For those of you who’ve read up on Adam this wasn’t his first global media stunt, but for the millions who ended up following this amazing story it started with a poster, with a simple message armed with a call to action.
We already know Outdoor and mobile search complement each other. Although there’s research from the Outdoor Media Centre showing Outdoor is more effective at delivering search than any other medium, it’s obvious really; when you see something interesting you naturally end up searching it.

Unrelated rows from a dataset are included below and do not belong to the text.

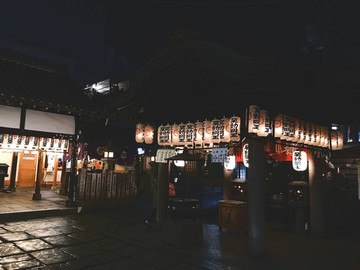 日本 大阪 心斋桥 夜景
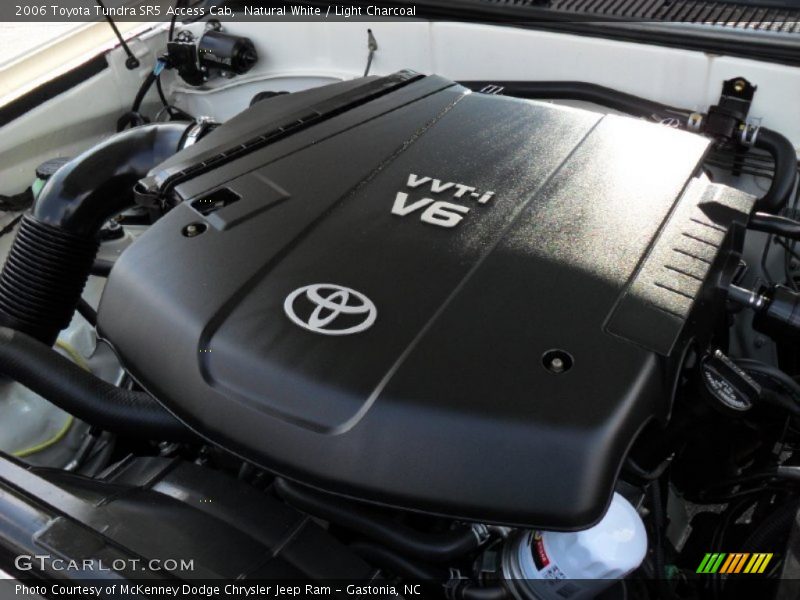 Natural White / Light Charcoal 2006 Toyota Tundra SR5 Access Cab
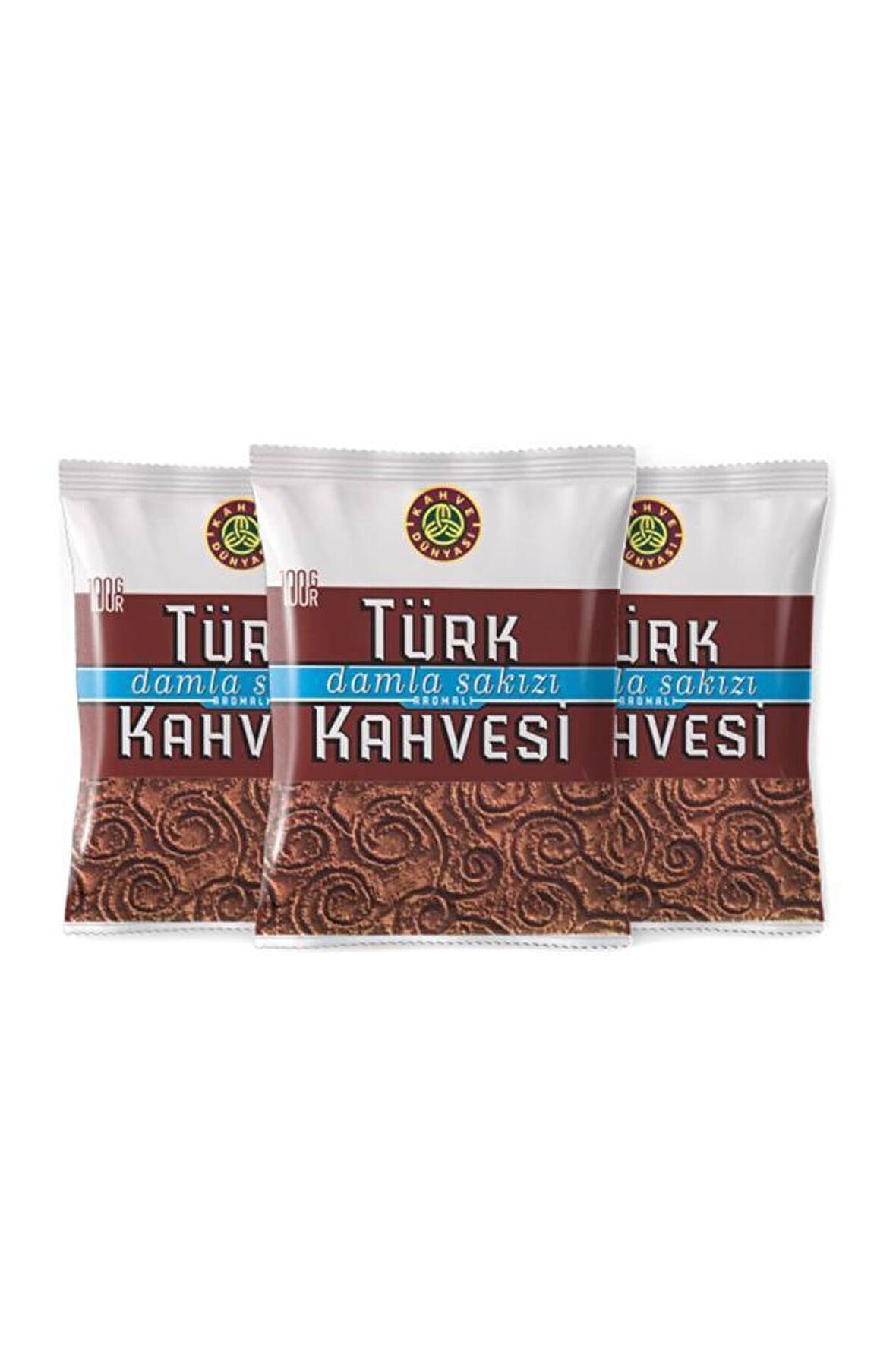 Kahve Dünyası Damla Sakızlı Öğütülmüş Türk Kahvesi 3x100 gr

With no such thing as dead time, increasing numbers of us are always switched on, taking every opportunity to pull out our phones and scan our personalised story board. The personalisation of this is key; users allow friends and brands to continually feed them with information and content deemed to be relevant and valuable to their lives. Given the propensity to search on mobile devices when Out of Home and the role Outdoor advertising plays in driving this, all the signs are that both together have the potential to be hugely powerful, but with a cautionary note. The answer is not to whack a Twitter logo on a poster and hope for the best. It’s not going to work if the creative doesn’t excite and invite the consumer to take part. If the brand wants consumers to engage, they need to do more by getting smarter with the creative.
A poster’s success
When brands historically put a phone number on a poster, the measure of a poster’s success was how many people phoned the number; anyone in posters will tell you we struggled to prove that worked and could yield results . The challenge in driving that connection and action comes back to creativity. What do we want or expect the consumer to do; is the creative, message, call to action appropriate in delivering that and are we measuring the most relevant outcomes?
Great Article On The Relationship Between #Twitter and Outdoor Advertising via @primesight and @chrisforrester5
— Mobile Media (@MobileMediaLtd) June 7, 2013
There is now a lot of activity going on Twitter and Facebook and if that’s where you want to take your customers then more should be done to get that message clearly across rather than just including a logo almost as an afterthought and hoping that’s one of the things that might happen.
Shouldn’t communication across outdoor and Twitter start to support a brand’s activity in a more obvious way than it currently does? Not every brand can capture imaginations in the same way Adam Pacitti did, but some can.
Posters generate emotion and subliminally start to influence consumer’s perceptions of products. The rise and rise of social media means brands can start joining up poster communication with something that then happens on Twitter.
The more brands can enhance our lives, the more we want them to be part of our lives. In this respect brands need to do more with outdoor in tandem with social because it plays perfectly into the hands of what a poster does, that is to build brands.